DATA SHOWN
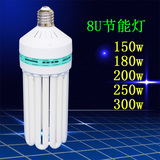 8u节能灯照明仓库厂房车间300W200W150瓦E40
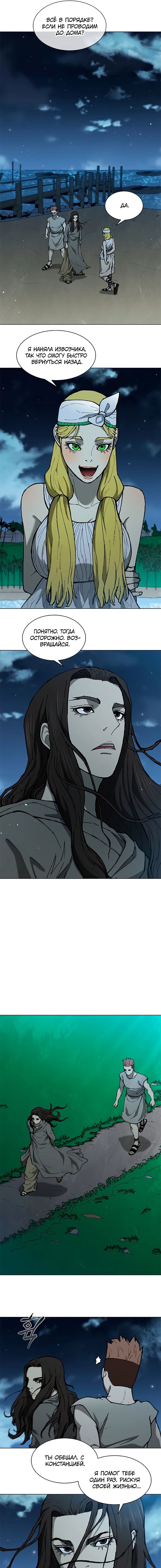 Манга Долгий путь воина - Глава 150 Страница 8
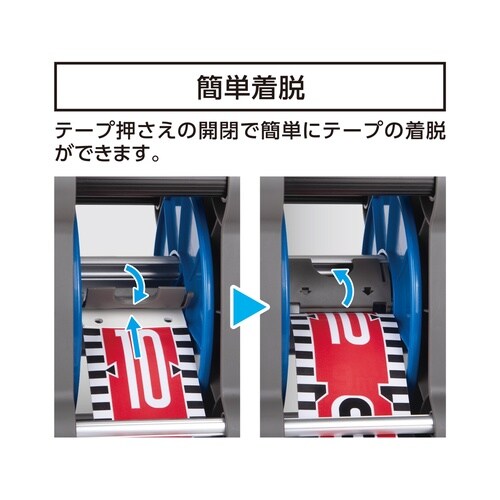 ロッドテープ 巾60mm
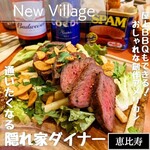 New Village - 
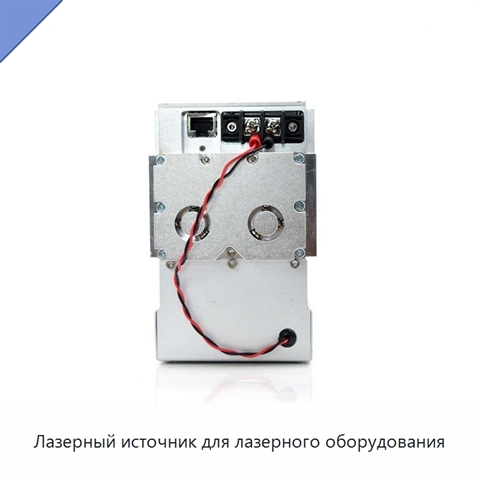 Лазерный источник для лазерного оборудования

ASSIGNMENT
All records, pictures excluded: copy them exactly.

REPLY TO THE EXERCISE
 8u节能灯照明仓库厂房车间300W200W150瓦E40
 Манга Долгий путь воина - Глава 150 Страница 8
 ロッドテープ 巾60mm
 New Village - 
 Лазерный источник для лазерного оборудования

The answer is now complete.